▶ _STORED DATA_:
'''
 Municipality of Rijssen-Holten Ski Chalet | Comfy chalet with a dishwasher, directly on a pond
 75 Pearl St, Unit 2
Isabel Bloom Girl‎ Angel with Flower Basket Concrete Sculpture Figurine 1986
'''
'''
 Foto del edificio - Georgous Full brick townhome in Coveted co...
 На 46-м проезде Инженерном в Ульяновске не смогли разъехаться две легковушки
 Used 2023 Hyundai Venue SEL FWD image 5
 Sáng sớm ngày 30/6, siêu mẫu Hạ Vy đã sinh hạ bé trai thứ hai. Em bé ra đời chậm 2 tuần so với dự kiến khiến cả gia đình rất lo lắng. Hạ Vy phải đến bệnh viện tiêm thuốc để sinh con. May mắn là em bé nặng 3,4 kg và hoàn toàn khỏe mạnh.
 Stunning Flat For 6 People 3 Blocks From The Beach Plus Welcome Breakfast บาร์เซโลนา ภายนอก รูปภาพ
'''
▶ _EXERCISE BRIEF_: From the entries above, write out only the lines starting at the line that holds "75 Pearl St, Unit 2" and ending at the line that holds "Isabel Bloom Girl‎", keeping both and matching them exactly.

▶ _ANSWER FOR THIS EXERCISE_:
 75 Pearl St, Unit 2
Isabel Bloom Girl‎ Angel with Flower Basket Concrete Sculpture Figurine 1986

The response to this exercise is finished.